FEATURES = ["CRIM", "ZN", "INDUS", "NOX", "RM",
            "AGE", "DIS", "TAX", "PTRATIO"]
LABEL = "MEDV"

feature_cols = [tf.feature_column.numeric_column(k)
                  for k in FEATURES] #list of Feature Columns

def generate_estimator(output_dir):
  return tf.estimator.DNNRegressor(feature_columns=feature_cols,
                                            hidden_units=[10, 10],
                                            model_dir=output_dir)

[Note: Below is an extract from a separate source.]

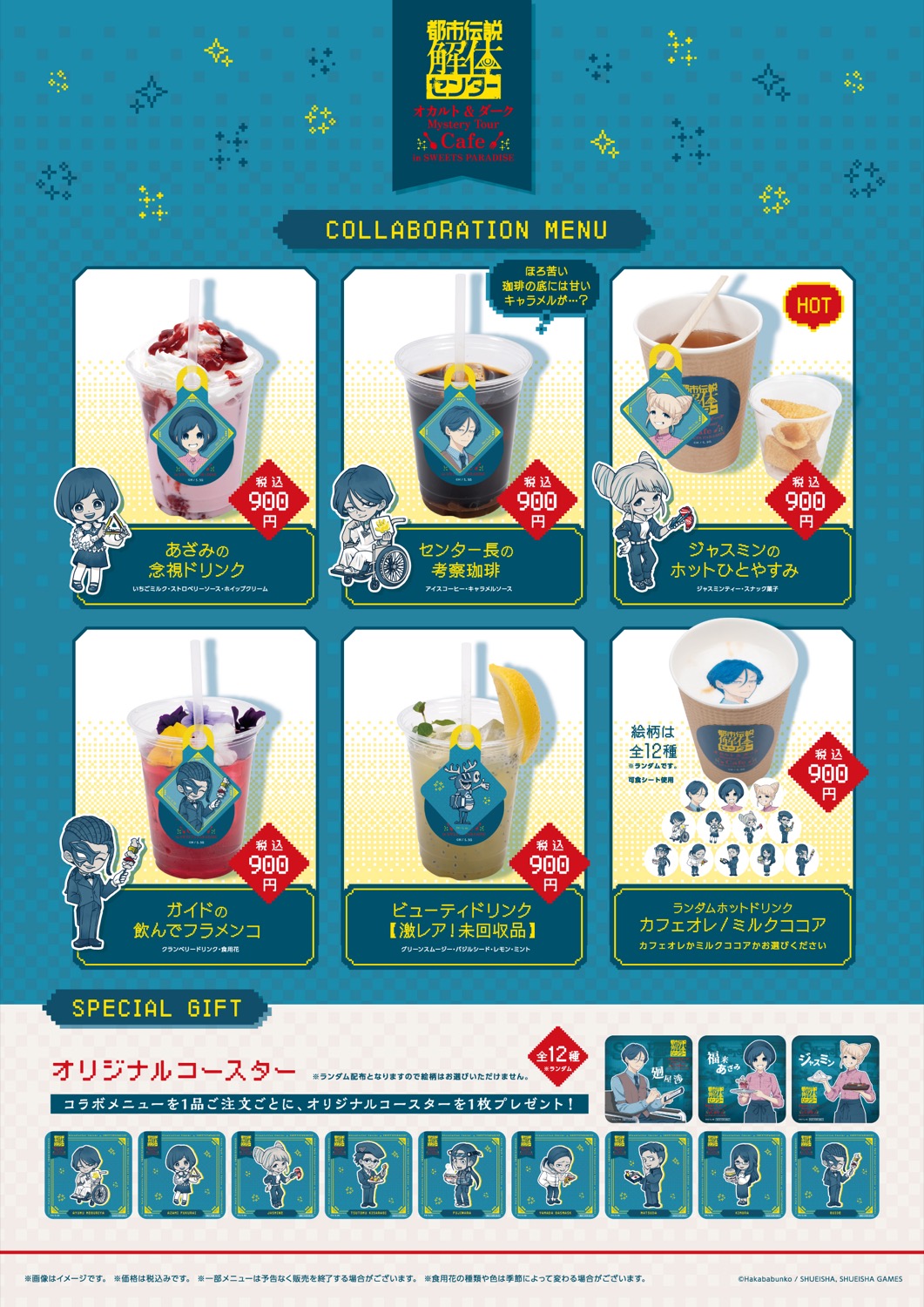 도시전설 해체 센터 카페 in 스위파라 4월 2일부터 콜라보 개최! detail 5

def generate_input_fn(data_set):
    def input_fn():
      features = {k: tf.constant(data_set[k].values) for k in FEATURES}
      labels = tf.constant(data_set[LABEL].values)
      return features, labels
    return input_fn

def serving_input_fn():
  #feature_placeholders are what the caller of the predict() method will have to provide
  feature_placeholders = {
      column.name: tf.placeholder(column.dtype, [None])
      for column in feature_cols
  }
  
  #features are what we actually pass to the estimator
  features = {
    # Inputs are rank 1 so that we can provide scalars to the server
    # but Estimator expects rank 2, so we expand dimension
    key: tf.expand_dims(tensor, -1)
    for key, tensor in feature_placeholders.items()
  }
  return tf.estimator.export.ServingInputReceiver(
    features, feature_placeholders
  )

train_spec = tf.estimator.TrainSpec(
                input_fn=generate_input_fn(data_train),
                max_steps=3000)

exporter = tf.estimator.LatestExporter('Servo', serving_input_fn)

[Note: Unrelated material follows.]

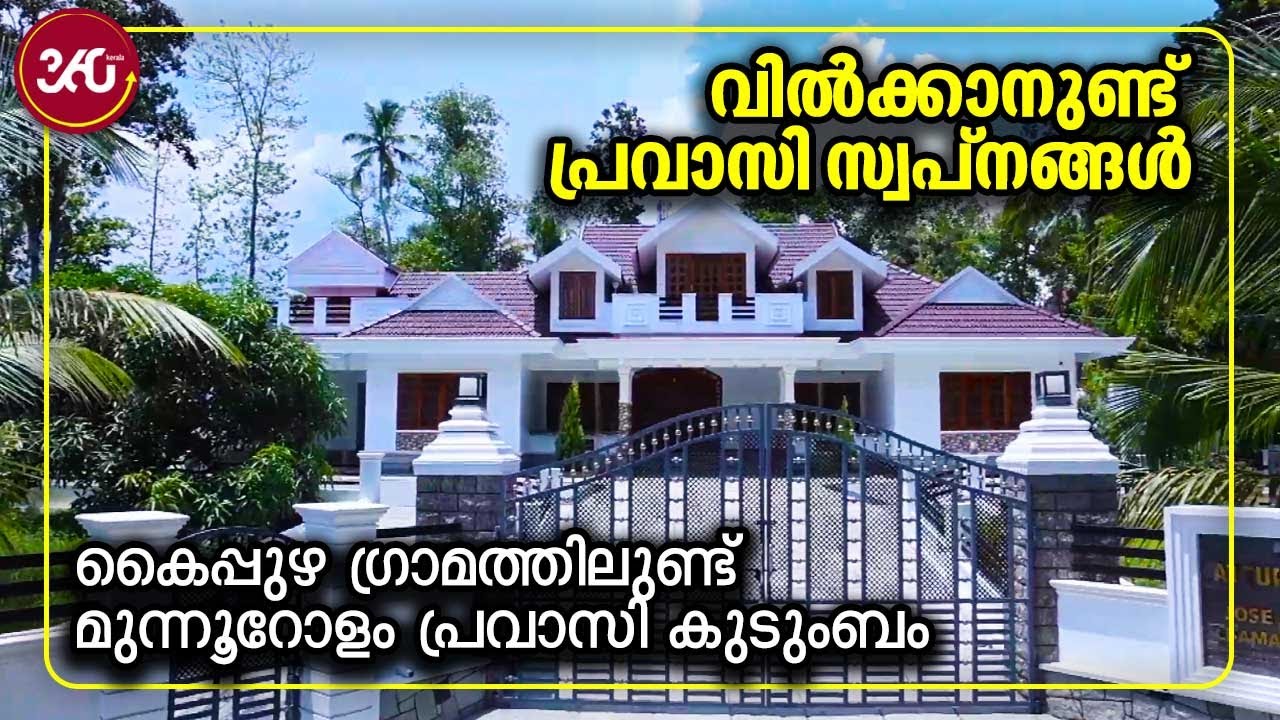 Kaipuzha | വില്‍ക്കാനുണ്ട് പ്രവാസി സ്വപ്നങ്ങള്‍, കൈപ്പുഴ ഗ്രാമത്തിലുണ്ട് മുന്നൂറോളം പ്രവാസി കുടുംബം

eval_spec=tf.estimator.EvalSpec(
            input_fn=generate_input_fn(data_test),
            steps=1,
            exporters=exporter)

######START CLOUD ML ENGINE BOILERPLATE######
if __name__ == '__main__':
  parser = argparse.ArgumentParser()
  # Input Arguments
  parser.add_argument(
      '--output_dir',
      help='GCS location to write checkpoints and export models',
      required=True
  )
  parser.add_argument(
        '--job-dir',
        help='this model ignores this field, but it is required by gcloud',
        default='junk'
    )
  args = parser.parse_args()
  arguments = args.__dict__
  output_dir = arguments.pop('output_dir')
######END CLOUD ML ENGINE BOILERPLATE######

  #initiate training job
  tf.estimator.train_and_evaluate(generate_estimator(output_dir), train_spec, eval_spec)

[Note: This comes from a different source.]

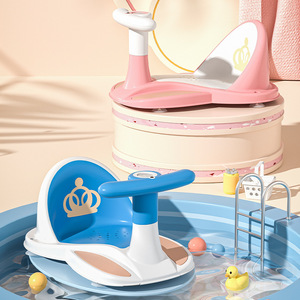 Baby <b>Bath</b> <b>Seat</b> Pink And Sky Blue Multifunctional Non Slip For 0 12 Months Tpe Material Apple Shaped - Product Image 2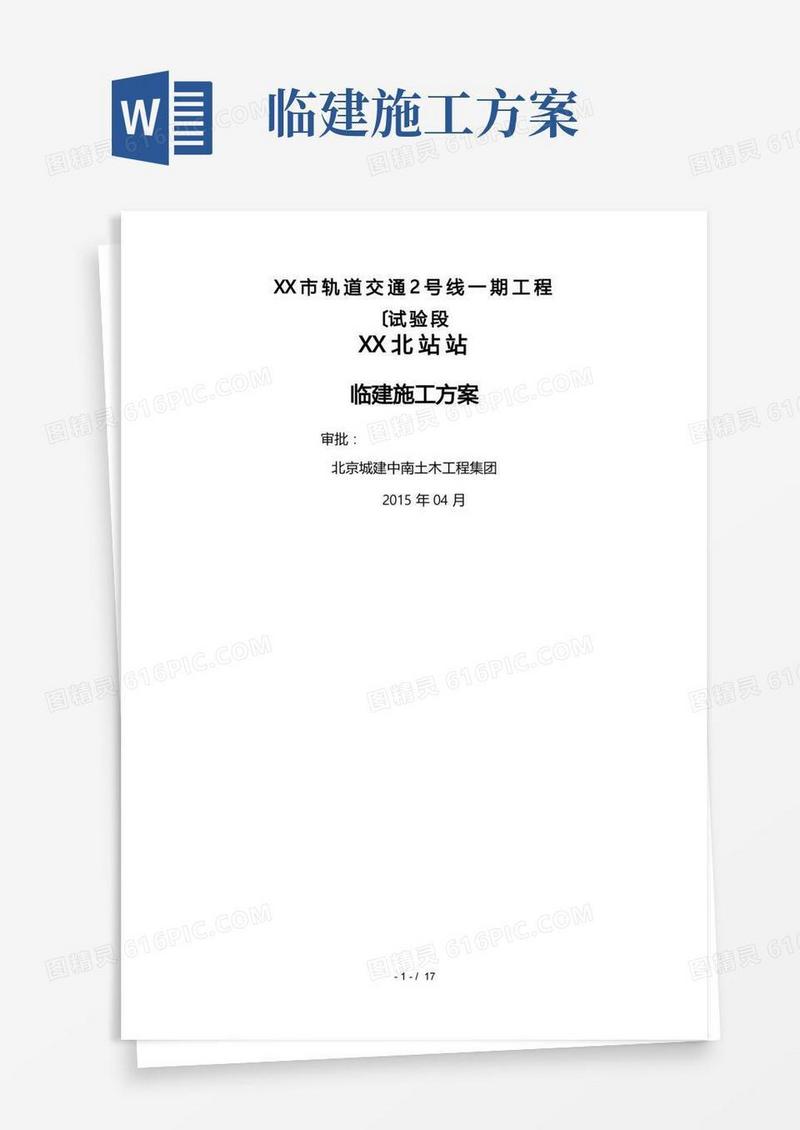 临建工程施工设计方案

Overwriting trainer/task.py

4) Train

Now that our code is packaged we can invoke it using the gcloud command line tool to run the training.

Note: Since our dataset is so small and our model is simple the overhead of provisioning the cluster is longer than the actual training time. Accordingly you'll notice the single VM cloud training takes longer than the local training, and the distributed cloud training takes longer than single VM cloud. For larger datasets and more complex models this will reverse

Set Environment Vars

We'll create environment variables for our project name GCS Bucket and reference this in future commands.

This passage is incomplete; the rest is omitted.